I have a virtual machine (Debian) running on a physical machine host. The virtual machine acts as a buffer for data that it frequently receives over the local network (the period for this data is 0.5s, so a fairly high throughput). Any data received is stored on the virtual machine and repeatedly forwarded to an external server over UDP. Once the external server acknowledges (over UDP) that it has received a data packet, the original data is deleted from the virtual machine and not sent to the external server again. The internet connection that connects the VM and the external server is unreliable, meaning it could be down for days at a time.

The physical machine that hosts the VM gets its power cut several times per day at random. There is no way to tell when this is about to happen and it is not possible to add a UPS, a battery, or a similar solution to the system.

Originally, the data was stored on a file-based HSQLDB database on the virtual machine. However, the frequent power cuts eventually cause the database script file to become corrupted (not at the file system level, i.e. it is readable, but HSQLDB can't make sense of it), which leads to my question:

How should data be stored in an environment where power cuts can and do happen frequently?

One option I can think of is using flat files, saving each packet of data as a file on the file system. This way if a file is corrupted due to loss of power, it can be ignored and the rest of the data remains intact. This poses a few issues however, mainly related to the amount of data likely being stored on the virtual machine. At 0.5s between each piece of data, 1,728,000 files will be generated in 10 days. This at least means using a file system with an increased number of inodes to store this data (the current file system setup ran out of inodes at ~250,000 messages and 30% disk space used). Also, it is hard (not impossible) to manage.
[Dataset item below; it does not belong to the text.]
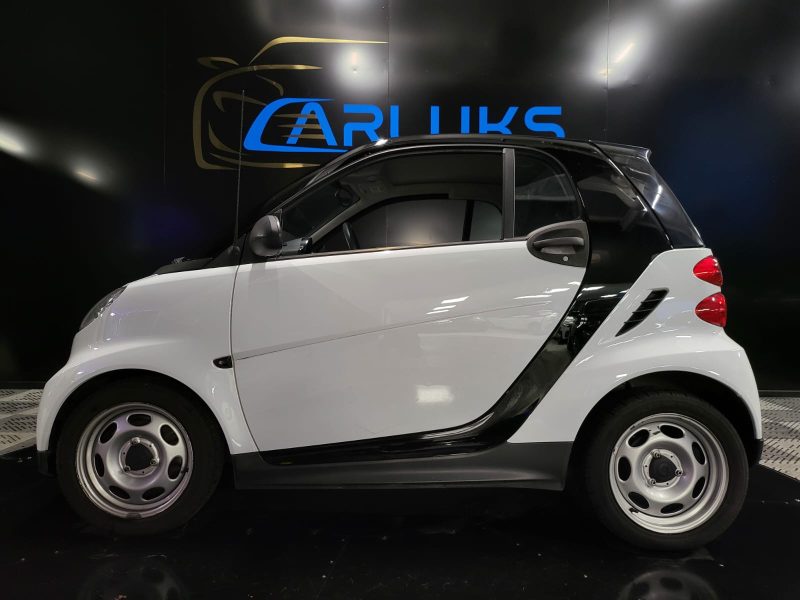 SMART FORTWO Coupé 2014 1.0 61cv BOITE SEQUENTIELLE / CLIM / GPS TACTIL / BLUETOOTH MUSIC TEL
Are there any other options? Are there database engines that run on Debian that would not get corrupted by power cuts? Also, what file system should be used for this? ext3 is what is used at the moment.

The software that runs on the virtual machine is written using Java 6, so hopefully the solution would not be incompatible.

Best Answer

Honestly your best approach here is to either fix the power-cuts, or deploy a different system in a better location.

Yes there are systems such as redis which will store data in an append-only-log for replay, but you risk corruption at lower levels - e.g. if your filesystem is scrambled then the data on disk is potentially at risk.

I appreciate any improvement would be useful to you, but really the problem is not one that can be solved given the scenario you've outlined.